No more coal, no more oil,
Keep the carbon in the soil!
This was one of many chants which I heard as I marched with an estimated 1,500 youngsters, students and senior persons through St Andrews on the day that the battalions of the vast worldwide army mobilised against the inertia by governments over action on climate change. I was proud to be there, among the bobbing pieces of cardboard with their slogans, a march that ended on the West Sands where linked hands created a symbolic 'line in the sand'.
A strategy for the young to have their demands met occurred to me as I watched the reports of international demonstrations on television that evening. In Britain, young people are granted the vote at 18, with the exception of Scotland, where 16 and 17-year-olds can vote in Scottish parliamentary elections. The young should demand that throughout the UK, the age be lowered to 16 and, with the support of many in the older generations, senior school pupils, university students and others may be able to defeat existing ineffectual political parties at the polling booths.
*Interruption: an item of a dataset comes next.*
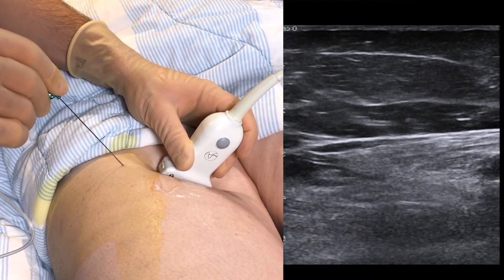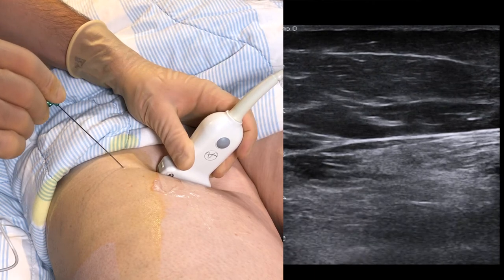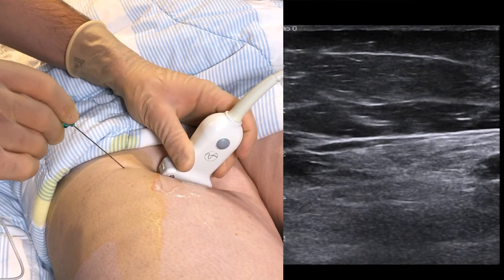Puncture the skin and place a small amount of local anesthetic just subcutaneously. Then proceed towards the artery, keeping the needle in plane at all times.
But, you point out that if we had governments (including international democratic ones) of the young, they would lack experience and expertise. That difficulty is overcome easily by selecting from the other parties politicians of experience and commitment to climate change. St Andrews and other universities are producing graduates in sustainable development, economics, geography, etc., with the up-to-date knowledge, degrees and insight that many politicians (and media pontificators) do not possess. How wonderful to see a 23-year-old female graduate standing up at the despatch box, taking Prime Minister's Questions.
But would a government of the young, the informed and the truthful, stop at putting in place necessary and painful measures to lessen the effects of climate change? For instance, with money tight, and with a new caring democracy, will the royal family, with its vast expenditure and hedonistic globetrotting by air, be retired? Should their subsidies go to refugees caught between the melting Himalayan glaciers pouring down the Brahmaputra and the storm surges sweeping into the Bay of Bengal, submerging their island homes, known as chars?
Something else occurred to me as I marched with the vocal committed students and schoolchildren through unseasonably hot St Andrews. Their slogans and their absence from lectures and lessons attested to their commitment to the climate cause. But will they be able to maintain their commendable idealism into the future while achieving some quality of life for themselves and their families, considering that because there is already damage to the environment of humans, plants and animals, with worse to come, there are bound to be limited difficult choices? Can they keep faith with their youthful enthusiastic manifesto of 'no more coal, no more oil'?